# Assignment:
The material below is to be copied exactly from the line with "Visual depicting digital" up to and including the line with "MINDTRAP 1996 Pressman", with nothing else kept and no pictures.

# Records supplied:
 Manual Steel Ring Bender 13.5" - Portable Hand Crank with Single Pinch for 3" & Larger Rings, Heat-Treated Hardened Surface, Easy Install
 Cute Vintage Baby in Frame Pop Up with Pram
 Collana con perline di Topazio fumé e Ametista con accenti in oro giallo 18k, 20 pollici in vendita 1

--

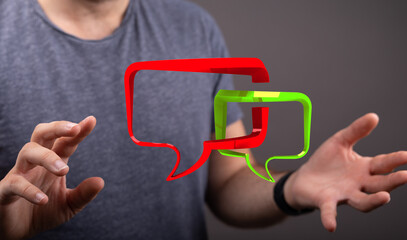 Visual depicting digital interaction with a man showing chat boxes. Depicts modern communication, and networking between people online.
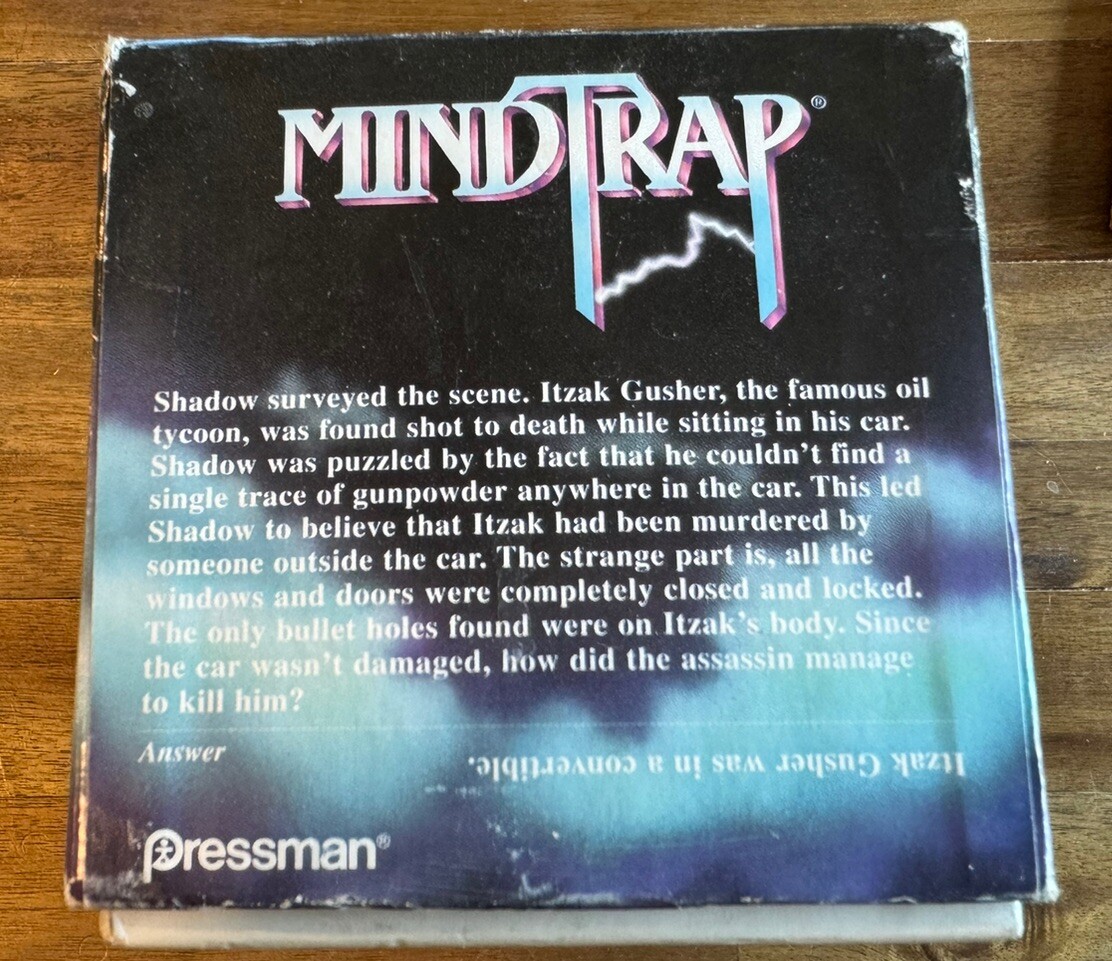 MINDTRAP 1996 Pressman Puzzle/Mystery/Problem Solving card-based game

# Problem solution:
 Visual depicting digital interaction with a man showing chat boxes. Depicts modern communication, and networking between people online.
 MINDTRAP 1996 Pressman Puzzle/Mystery/Problem Solving card-based game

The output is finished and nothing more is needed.